Quid des vaches sacrées en Inde ?

Croiser des vaches en liberté dans la rue fait partie de notre quotidien. Elles sont de races différentes, parfois en groupe, parfois avec des petit veaux, toujours très nonchalantes, insensibles au chaos ambiant, la tête dans une poubelle ou en train de ruminer sur le bord de la route ! Cela fait partie du charme de l’Inde et on se régale toujours à les prendre en photos (surtout les petits veaux) !

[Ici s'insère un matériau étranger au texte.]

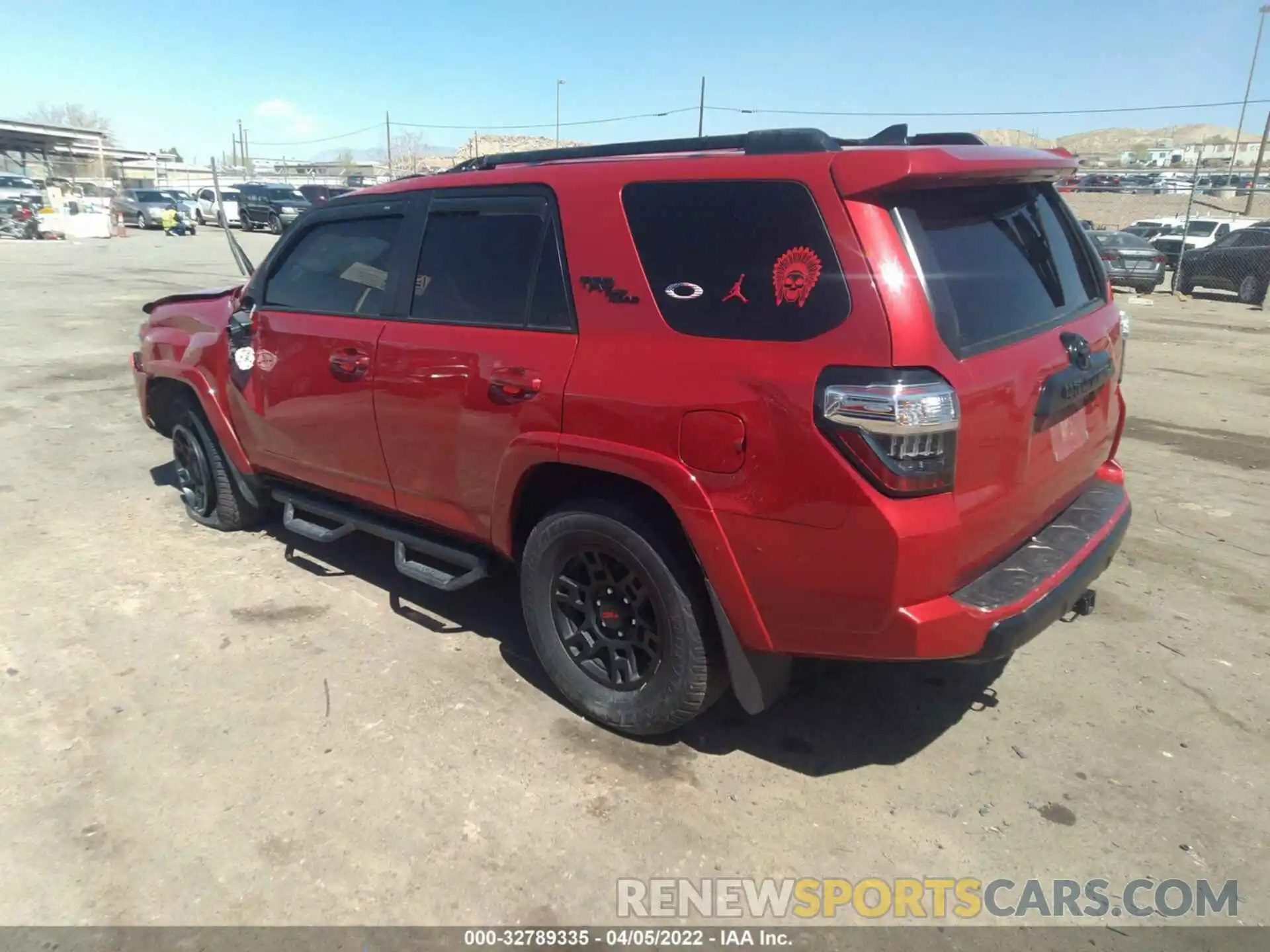 3 Photograph of a damaged car JTEBU5JR0K5728040 TOYOTA 4RUNNER 2019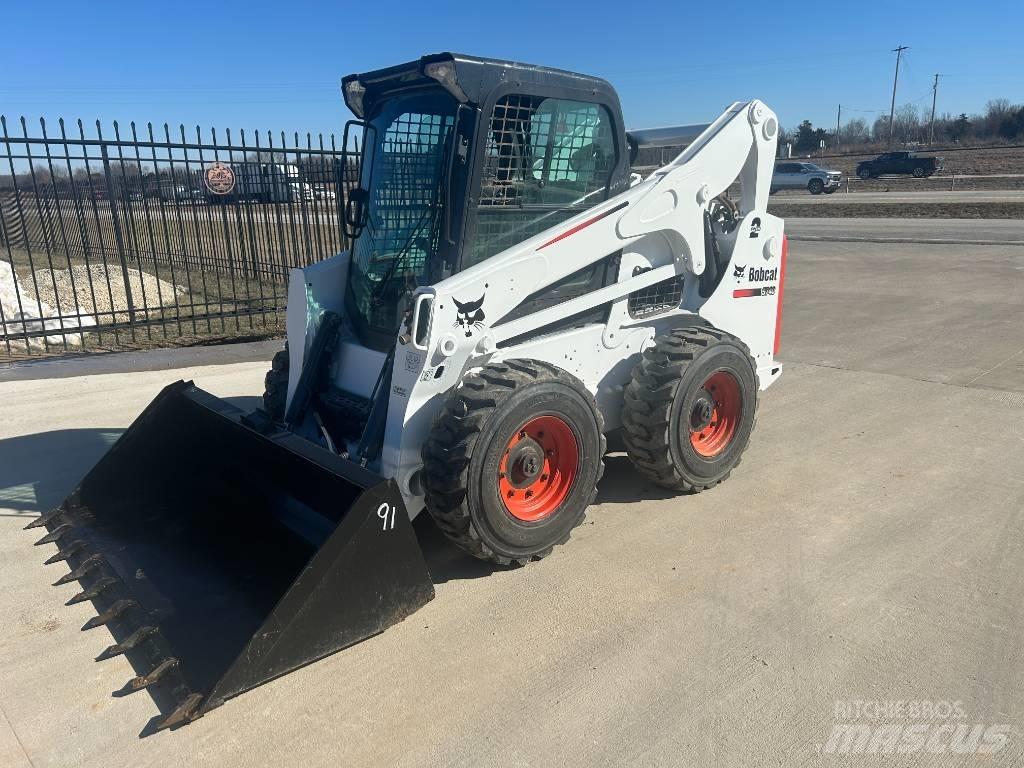 Bobcat S740 Skid steer loderler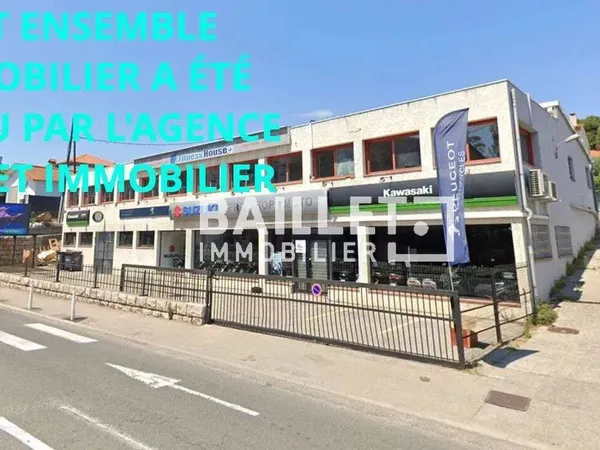 Local commercial 875 m² 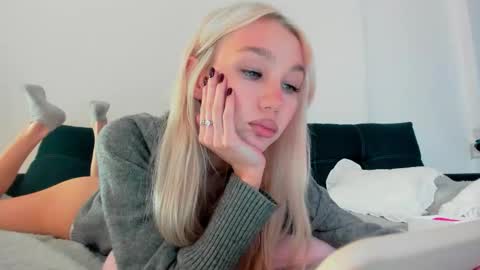 Snapshot of wladilia chatting on September 20, 8:32 pm wladilia online show from September 20, 8:32 pm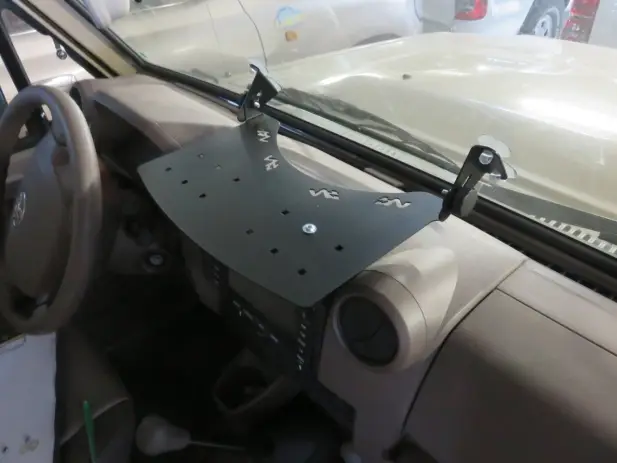 SUPPORT INSTRUMENT POUR TOYOTA VDJ200 APRES 2007 ET HDJ100 APRES 08/2002 Seulement Aujourd’hui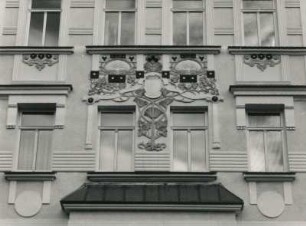 Leipzig-Lindenau, Helmholtzstraße 17. Wohnhaus. Um 1905. Fensterpaar mit Schmuckrelief (2. OG)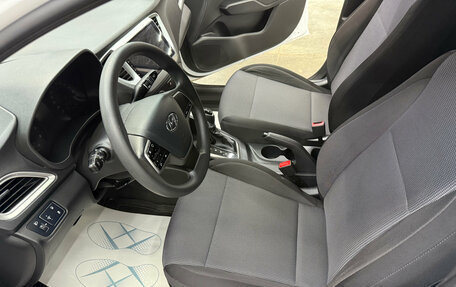 Hyundai Solaris II рестайлинг, 2021 год, 1 700 000 рублей, 8 фотография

On le sait donc : la vache a un statut particulier en Inde, mais quand il s’agit de définir précisément ce statut, il y autant de versions différentes que d’interlocuteurs ! « Un collègue m’a dit qu’on ne pouvait pas les toucher, j’ai lu qu’on peut quand même en boire le lait, ah ouai moi j’ai lu le contraire, mais c’est un dieu ou pas ? la dernière fois j’ai vu un élevage de vaches c’est qu’ils doivent bien les toucher non ? » Voila à peu près nos discussions à ce sujet ! En général les indiens bottent en touche avec un « you know, India, it is complicated ! ».

J’ai décidé d’éclaircir (un peu) ce mystère une bonne fois pour toute !

J’ai eu du mal à trouver des informations fiables, lisant tout et son contraire, mais à force de recouper les informations, je pense avoir une synthèse assez juste ! Dites moi si vous avez eu des échos contraires !

Les vaches indiennes sont en fait la plupart du temps des zébus avec une bosse sur l’encolure. Généralement plus grande que nos vaches, elles ont également de grandes cornes assez impressionnantes. Il existe également des buffles mais qui sont vraiment très différents, on ne peut pas les confondre. Je n’ai pas de doctorat en vache, vous me pardonnerez cette description peu scientifique de la vache indienne ! (je suis prudente je sais que j’ai un lectorat qui s’y connait en vache !)

La vache est-elle un dieu ?

Non ! On confond souvent avec Nandi qui est un taureau blanc. On voit effectivement Nandi à l’entrée de certains temples hindous, c’est la monture du dieu Shiva. On le trouve d’ailleurs très généralement représenté couché devant l’entrée des temples dédiés au dieu où les hindouistes le vénèrent. On lui parle dans l’oreille et étant situé en face de Shiva, il va lui transmettre notre demande.

La vache n’est donc pas une divinité, ni l’animal de compagnie des dieux.

La vache a-t-elle un caractère sacré et quelle est son origine ?

Les versions divergent selon ce qu’on lit, mais globalement la vache est synonyme de fertilité et de nourriture (selon le Lonely planet). Selon le Routard, le respect de la vache est le respect de l’ashima ou de l’absence de volonté de tuer, c’est un signe de respect envers la mère universelle, cette vache qui symbolise la maternité, la charité, la pitié.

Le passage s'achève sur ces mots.